- [pdf] [supp]
A New Dataset and Approach for Timestamp Supervised Action Segmentation Using Human Object Interaction
This paper focuses on leveraging Human Object Interaction (HOI) information to improve temporal action segmentation under timestamp supervision, where only one frame is annotated for each action segment. This information is obtained from an off-the-shelf pre-trained HOI detector, that requires no additional HOI-related annotations in our experimental datasets.
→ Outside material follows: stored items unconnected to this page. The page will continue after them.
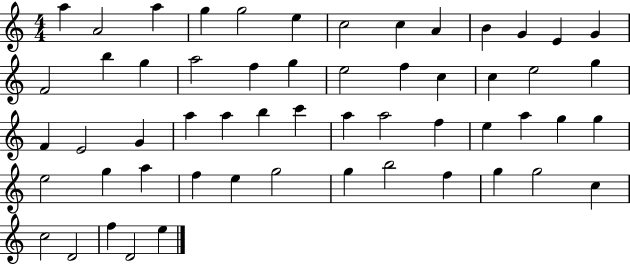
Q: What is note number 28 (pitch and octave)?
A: G4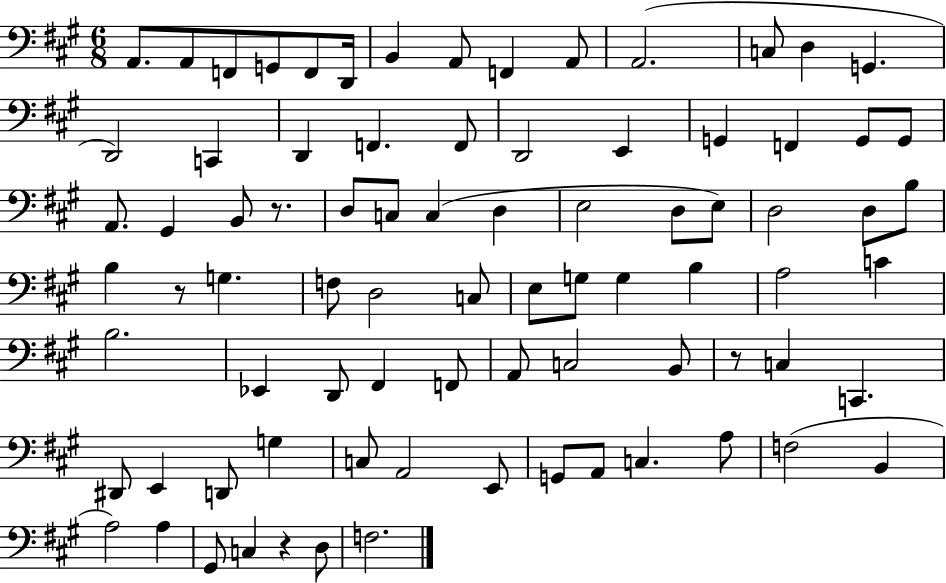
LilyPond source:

{
  \clef bass
  \numericTimeSignature
  \time 6/8
  \key a \major
  a,8. a,8 f,8 g,8 f,8 d,16 | b,4 a,8 f,4 a,8 | a,2.( | c8 d4 g,4. | \break d,2) c,4 | d,4 f,4. f,8 | d,2 e,4 | g,4 f,4 g,8 g,8 | \break a,8. gis,4 b,8 r8. | d8 c8 c4( d4 | e2 d8 e8) | d2 d8 b8 | \break b4 r8 g4. | f8 d2 c8 | e8 g8 g4 b4 | a2 c'4 | \break b2. | ees,4 d,8 fis,4 f,8 | a,8 c2 b,8 | r8 c4 c,4. | \break dis,8 e,4 d,8 g4 | c8 a,2 e,8 | g,8 a,8 c4. a8 | f2( b,4 | \break a2) a4 | gis,8 c4 r4 d8 | f2. | \bar "|."
}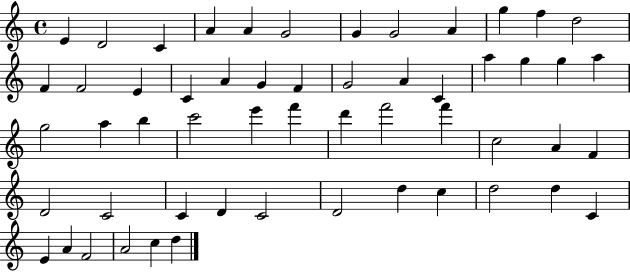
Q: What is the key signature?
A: C major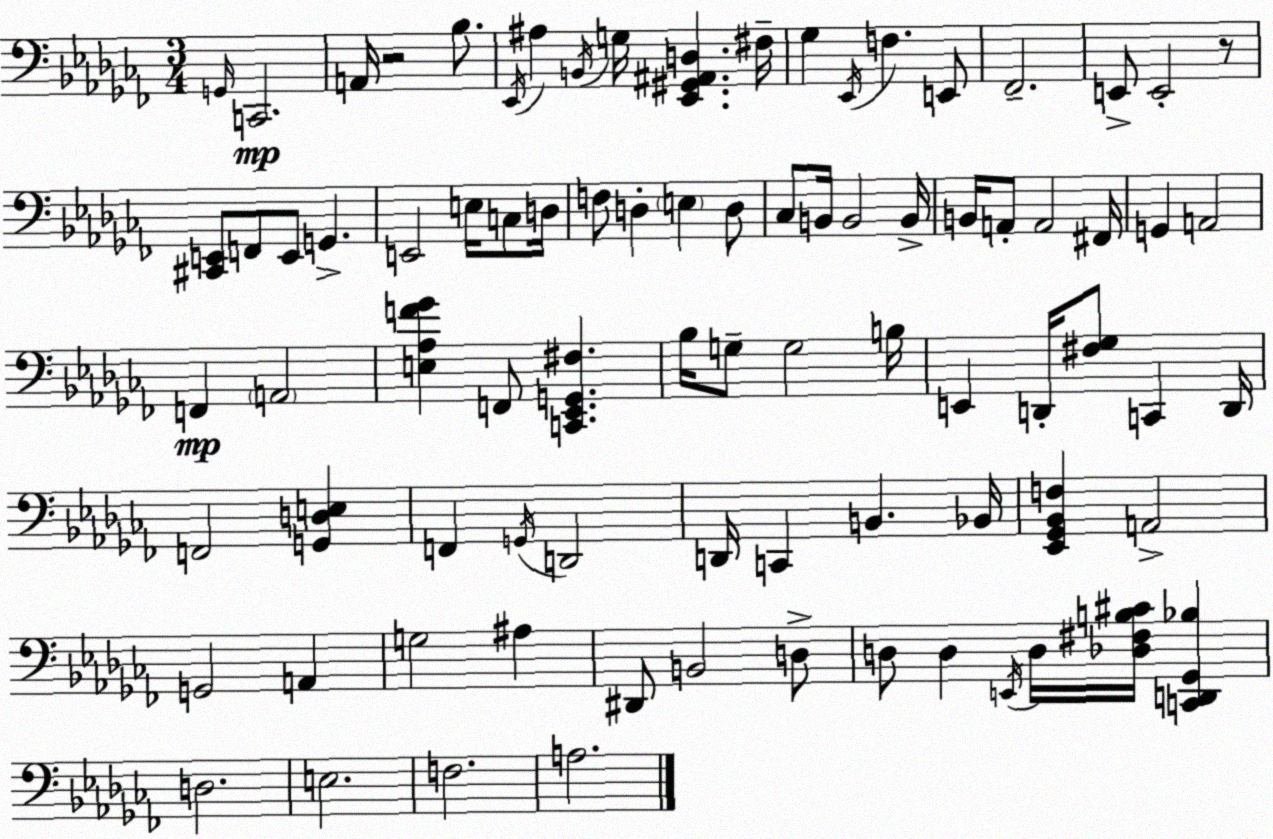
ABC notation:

X:1
T:Untitled
M:3/4
L:1/4
K:Abm
G,,/4 C,,2 A,,/4 z2 _B,/2 _E,,/4 ^A, B,,/4 G,/4 [_E,,^G,,^A,,D,] ^F,/4 _G, _E,,/4 F, E,,/2 _F,,2 E,,/2 E,,2 z/2 [^C,,E,,]/2 F,,/2 E,,/2 G,, E,,2 E,/4 C,/2 D,/4 F,/2 D, E, D,/2 _C,/2 B,,/4 B,,2 B,,/4 B,,/4 A,,/2 A,,2 ^F,,/4 G,, A,,2 F,, A,,2 [E,_A,F_G] F,,/2 [C,,_E,,G,,^F,] _B,/4 G,/2 G,2 B,/4 E,, D,,/4 [^F,_G,]/2 C,, D,,/4 F,,2 [G,,D,E,] F,, G,,/4 D,,2 D,,/4 C,, B,, _B,,/4 [_E,,_G,,_B,,F,] A,,2 G,,2 A,, G,2 ^A, ^D,,/2 B,,2 D,/2 D,/2 D, E,,/4 D,/4 [_D,^F,B,^C]/4 [C,,D,,_G,,_B,] D,2 E,2 F,2 A,2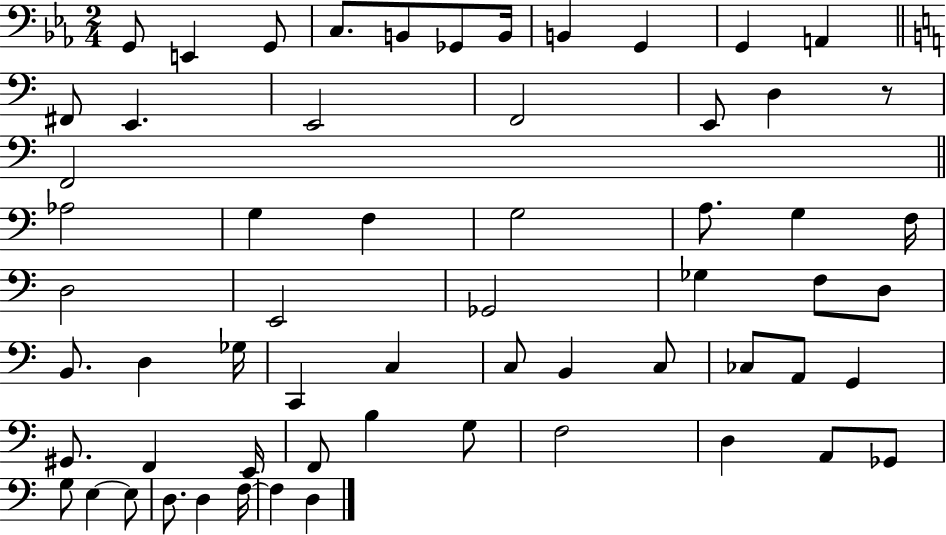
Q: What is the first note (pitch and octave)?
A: G2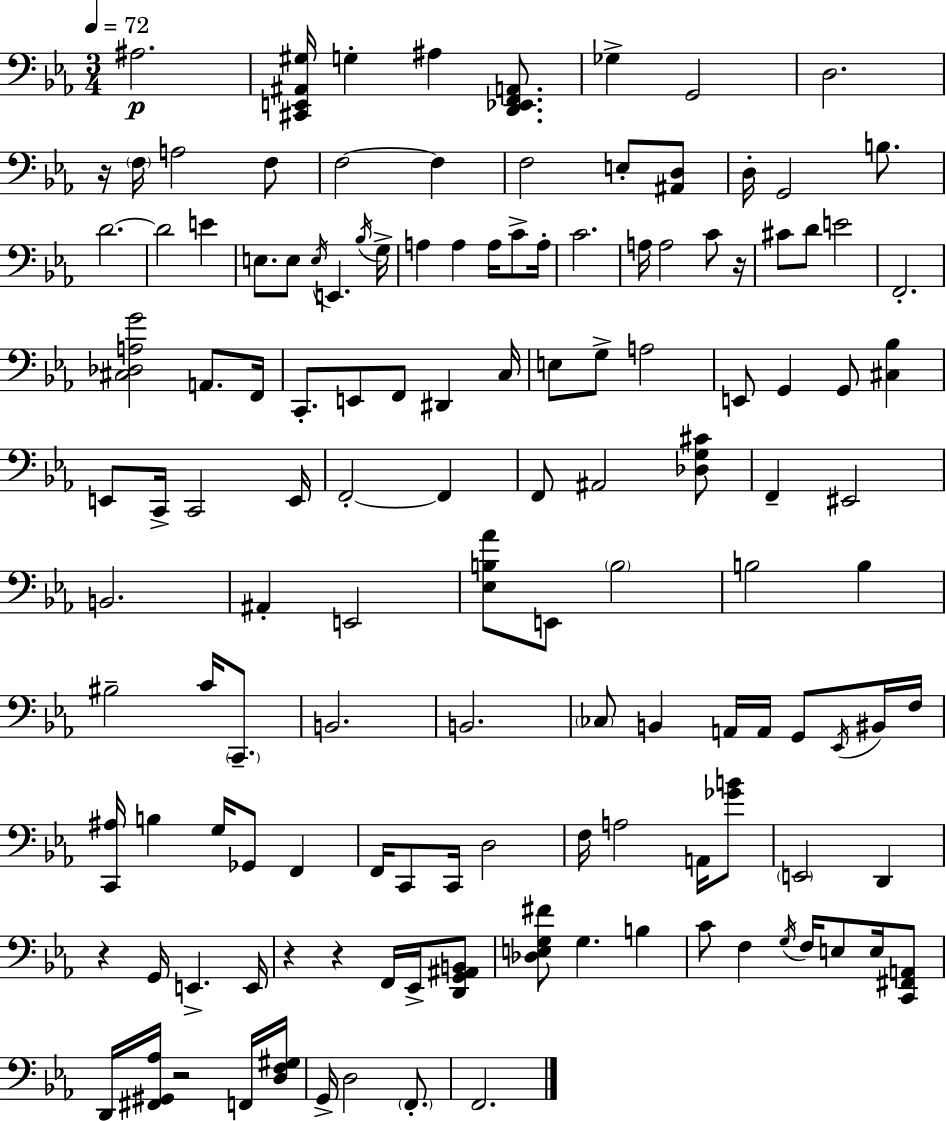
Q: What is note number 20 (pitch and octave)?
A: E3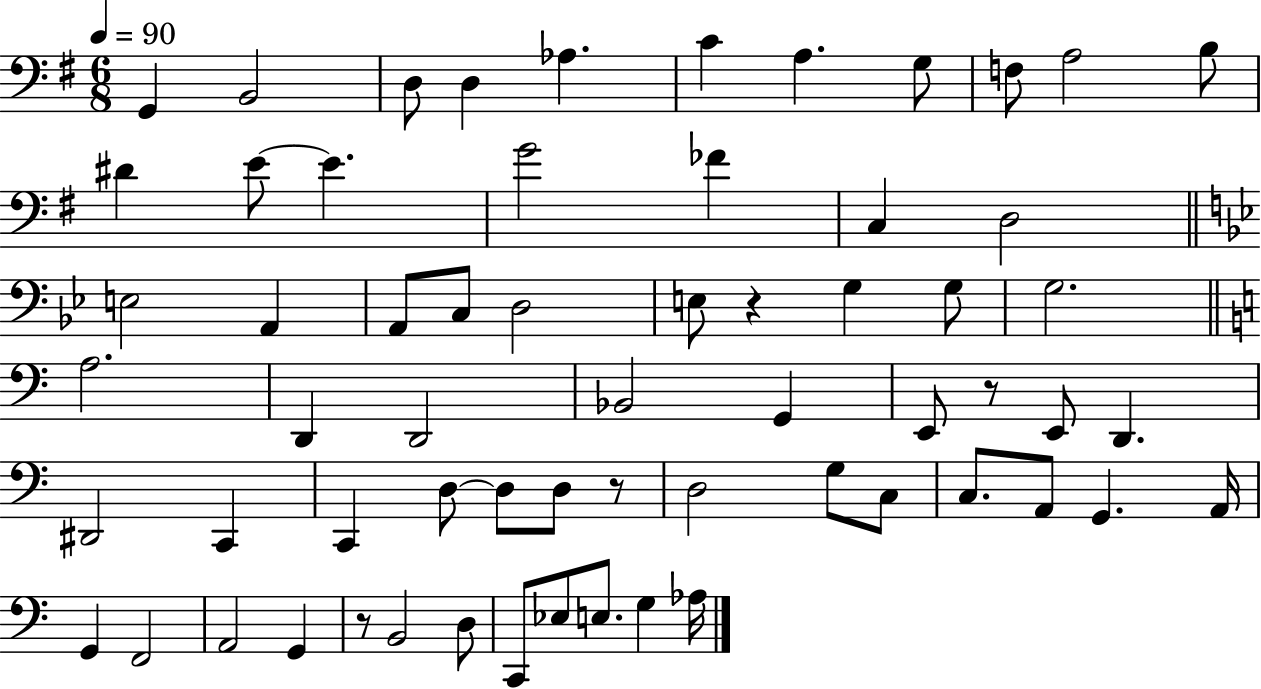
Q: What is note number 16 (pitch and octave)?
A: FES4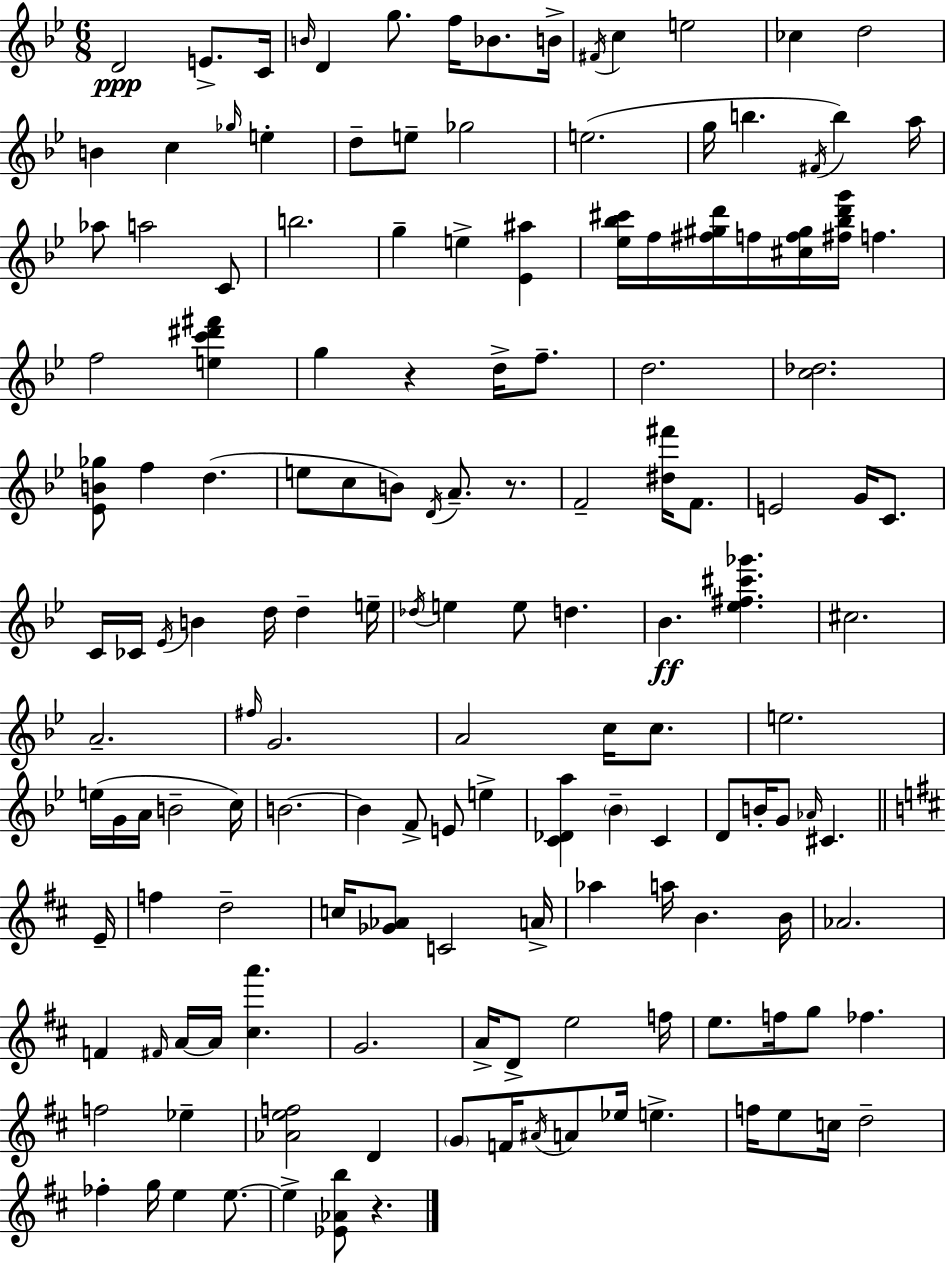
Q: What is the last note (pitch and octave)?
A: E5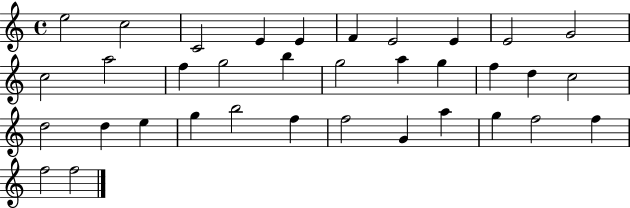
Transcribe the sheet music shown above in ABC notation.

X:1
T:Untitled
M:4/4
L:1/4
K:C
e2 c2 C2 E E F E2 E E2 G2 c2 a2 f g2 b g2 a g f d c2 d2 d e g b2 f f2 G a g f2 f f2 f2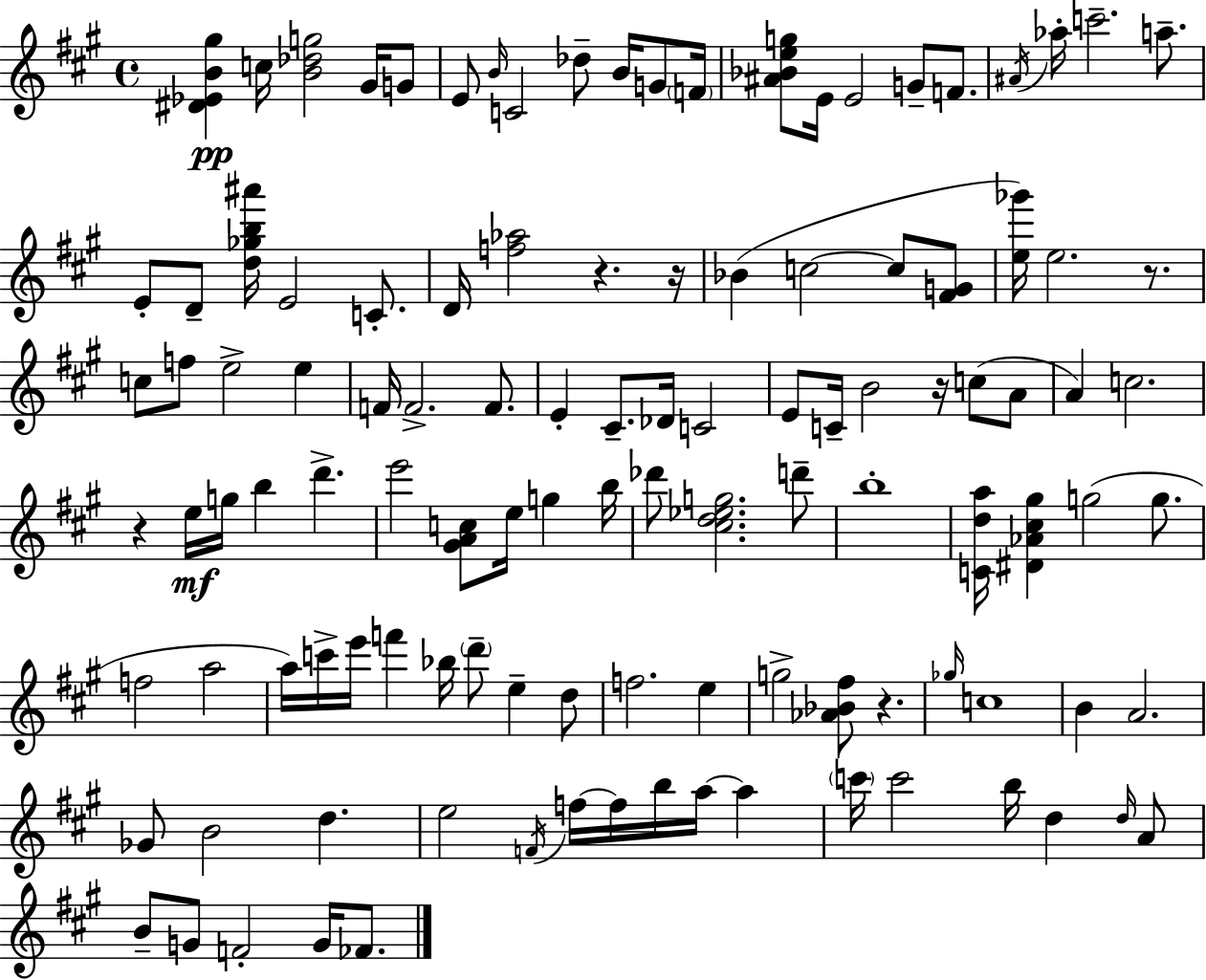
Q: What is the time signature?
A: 4/4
Our approach generates pseudo labels by expanding the annotated timestamps into intervals and allows the system to exploit the spatio-temporal continuity of human interaction with an object to segment the video. We also propose the (3+1)Real-time Cooking (ReC) dataset as a realistic collection of videos from 30 participants cooking 15 breakfast items. Our dataset has three main properties: 1) to our knowledge, the first to offer synchronized third and first person videos, 2) it incorporates diverse actions and tasks, and 3) it consists of high resolution frames to detect fine-grained information. In our experiments we benchmark state-of-the-art segmentation methods under different levels of supervision on our dataset. We also quantitatively show the advantages of using HOI information, as our framework improves its baseline segmentation method on several challenging datasets with varying view-points, providing improvements of up to 10.9% and 5.3% in F1 score and frame-wise accuracy respectively.